Ceux qui se demandent comment l’économie du cinéma peut être déficitaire en France quand l’année 2016 a battu des records avec 200 millions d’entrées, n’ont qu’à demander aux producteurs si tout va bien. En vérité, c’est une véritable cavalerie : il faut produire toujours plus pour espérer toucher le jackpot. Même un Luc Besson est dans la mouise, malgré ses films « grand public ».
90% des films ne sont pas rentables, chiffre officiel. La surproduction pour essayer de s’en sortir a mené logiquement à la chute de la qualité des produits, qui n’étaient déjà pas bien « frais », pour les raisons « politiques » que tous ici connaissent.
Alors, pourquoi ce système qui court sur les rochers sans pouvoir s’arrêter ne se casse-t-il pas la gueule ? Tout simplement parce que le cinéma est l’un des vecteurs de propagande les plus efficaces pour l’oligarchie : il touche principalement les 15-35 ans, au-delà de cette tranche les gens y vont de temps en temps, mais sans plus. La VOD ou les chaînes à la Netflix proposent mieux et moins cher.

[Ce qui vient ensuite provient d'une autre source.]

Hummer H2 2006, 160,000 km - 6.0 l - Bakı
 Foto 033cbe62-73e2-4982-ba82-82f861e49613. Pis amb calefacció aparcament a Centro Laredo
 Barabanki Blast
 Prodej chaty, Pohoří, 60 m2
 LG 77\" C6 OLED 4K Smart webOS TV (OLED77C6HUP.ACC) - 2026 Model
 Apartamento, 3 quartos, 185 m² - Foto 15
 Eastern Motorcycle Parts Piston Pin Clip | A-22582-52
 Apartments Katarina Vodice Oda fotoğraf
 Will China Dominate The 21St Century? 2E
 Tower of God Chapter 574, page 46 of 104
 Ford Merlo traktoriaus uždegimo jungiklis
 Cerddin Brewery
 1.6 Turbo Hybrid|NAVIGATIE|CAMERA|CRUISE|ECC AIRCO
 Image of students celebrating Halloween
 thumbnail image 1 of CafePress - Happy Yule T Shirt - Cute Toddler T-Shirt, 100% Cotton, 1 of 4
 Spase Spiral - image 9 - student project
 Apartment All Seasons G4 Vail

Qu’on le veuille ou pas, vous financez, nous finançons tous ce cinéma qui va vers l’abîme – artistiquement et commercialement – même s’il n’y a pas que des navets. Mais la conjonction de la surchauffe d’un secteur chroniquement déficitaire et des besoins impérieux de la propagande accouche de cette montagne de films aussi indignes qu’indigestes.